An overview of the Federal Reserve System

Introduction

Today, I would like to give you some background on the Federal Reserve and the role we play in the economy.  I will start by discussing our structure and some of our functions.  Then I will share my perspective on being a national monetary policymaker on the Federal Open Market Committee.  Finally, I will share a few thoughts on the economy here in Northeast Ohio and some of the challenges we are facing.

 

I.  A Brief Overview of the Federal Reserve System

Let me begin, then, with a little "Fed 101."  As you know, the Federal Reserve is our nation's central bank.  It plays a unique role in our economy, and it has a unique structure that draws from both the public and private sectors.
           

The Federal Reserve was created by an act of Congress in 1913 and charged with creating a safe, stable, and more flexible monetary and financial system.  These responsibilities are carried out by 12 regional Reserve banks and the Board of Governors in Washington, D.C.
           

One of the Federal Reserve's great strengths is this decentralized structure.  The public aspect of the System is represented by the seven governors on the Federal Reserve Board, who are appointed by the President of the United States to 14-year terms.

 

The private aspect of the System is represented by the 12 regional Reserve Banks.  Each of these Banks has its own charter and is governed by an independent board of directors, under the general oversight of the Board of Governors.
           

I lead the Federal Reserve Bank of Cleveland.  My district-the Fourth District-includes all of Ohio, western Pennsylvania, eastern Kentucky, and the northern panhandle of West Virginia.  Cleveland is our headquarters, and we also have branch offices in Pittsburgh and Cincinnati. 

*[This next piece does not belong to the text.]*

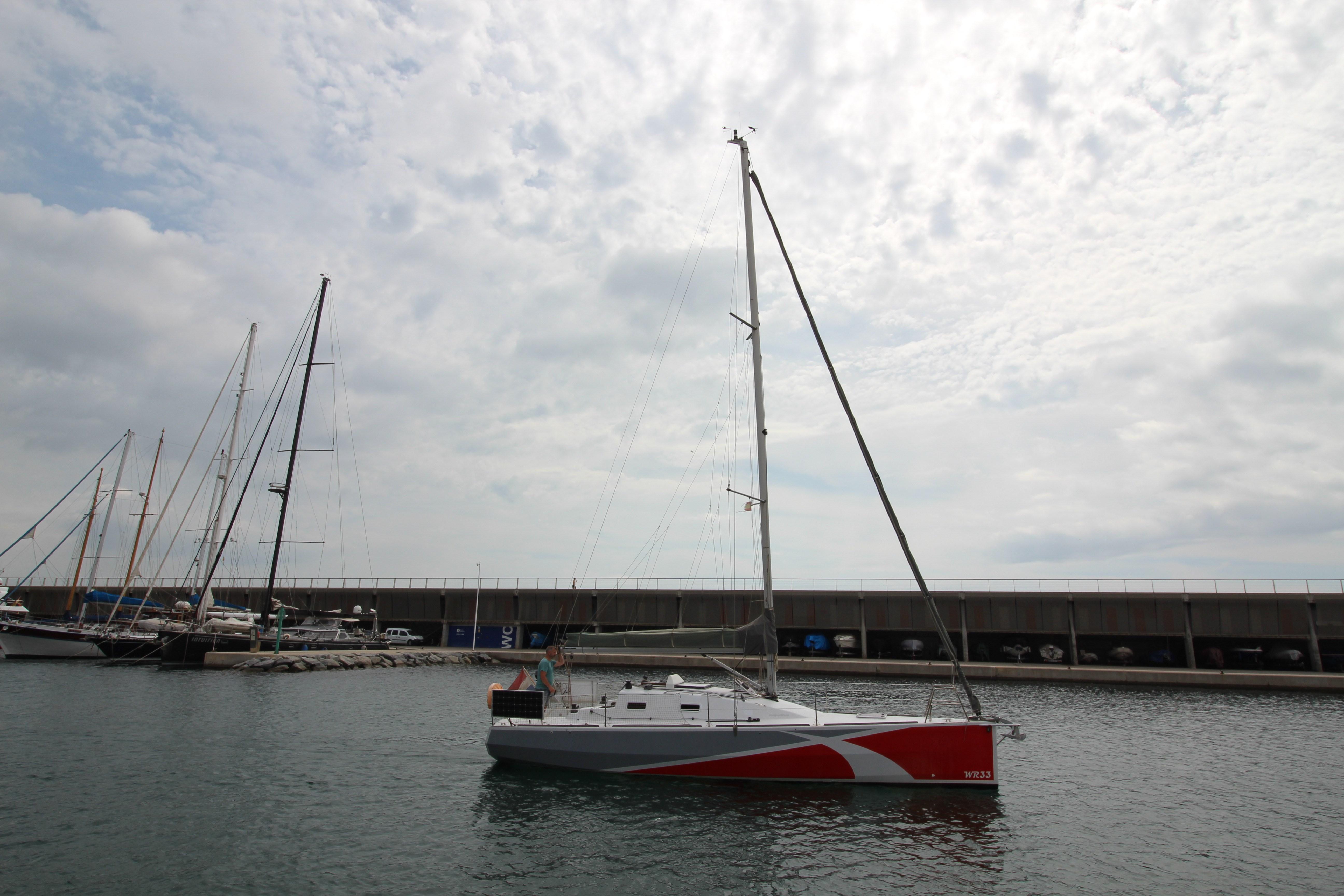 ULTRALIGHT YACHT WR33 image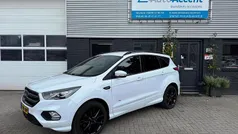 Wit Gebruikt 2018 Ford Kuga ST-Line SUV | € 18.888 (Eerlijke prijs)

            Like the other 11 Reserve Banks, the Federal Reserve Bank of Cleveland cooperates with the Board of Governors in supervising banks in our respective regions.  We also conduct research on national and regional economic conditions; we provide financial services to banks and the U.S. Treasury; and we are a resource for people and organizations that are involved in community economic development.

 

            Each Reserve Bank works to understand the unique characteristics of its District.  By better understanding the forces that shape our regional economies, we can better develop sound monetary policy for the nation.

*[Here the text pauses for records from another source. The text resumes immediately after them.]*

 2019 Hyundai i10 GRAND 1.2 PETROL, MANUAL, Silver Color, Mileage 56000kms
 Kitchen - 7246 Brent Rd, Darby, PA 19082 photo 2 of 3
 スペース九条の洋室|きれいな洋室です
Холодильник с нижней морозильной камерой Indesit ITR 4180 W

            The Federal Open Market Committee, or FOMC, is the group that is responsible for setting monetary policy.  As president of the Federal Reserve Bank of Cleveland, I serve on this Committee, along with the eleven other Reserve Bank presidents and the seven members of the Federal Reserve Board of Governors. 
           

The FOMC has a dual mandate from Congress:  first, to maintain price stability over the long term-that is, to keep inflation under control-and second, to promote maximum sustainable economic growth.  We seek to achieve these objectives by influencing interest rates and the money supply.

 

The main monetary policy tool we use is targeting the federal funds rate-that is, the interest rate that banks charge each other for overnight loans.  Changes in this rate, in turn, affect a host of other short-term interest rates and economic variables.   

II.  My Role as a Federal Reserve Policymaker

Now I would like to give you more of an insider's perspective on my role as a Federal Reserve policymaker.  It is a fascinating process, and one that I find challenging and energizing.

 

The FOMC meets in Washington, D.C., generally eight times a year.  Most of our meetings last for a single day, although the Committee has been scheduling some two-day meetings to discuss special topics. 

 

I happen to be a voting member on the FOMC this year.  I rotate that responsibility with the president of the Chicago Reserve Bank every other year.  But whether or not I vote during a particular year, I participate fully in the policy discussions at every meeting.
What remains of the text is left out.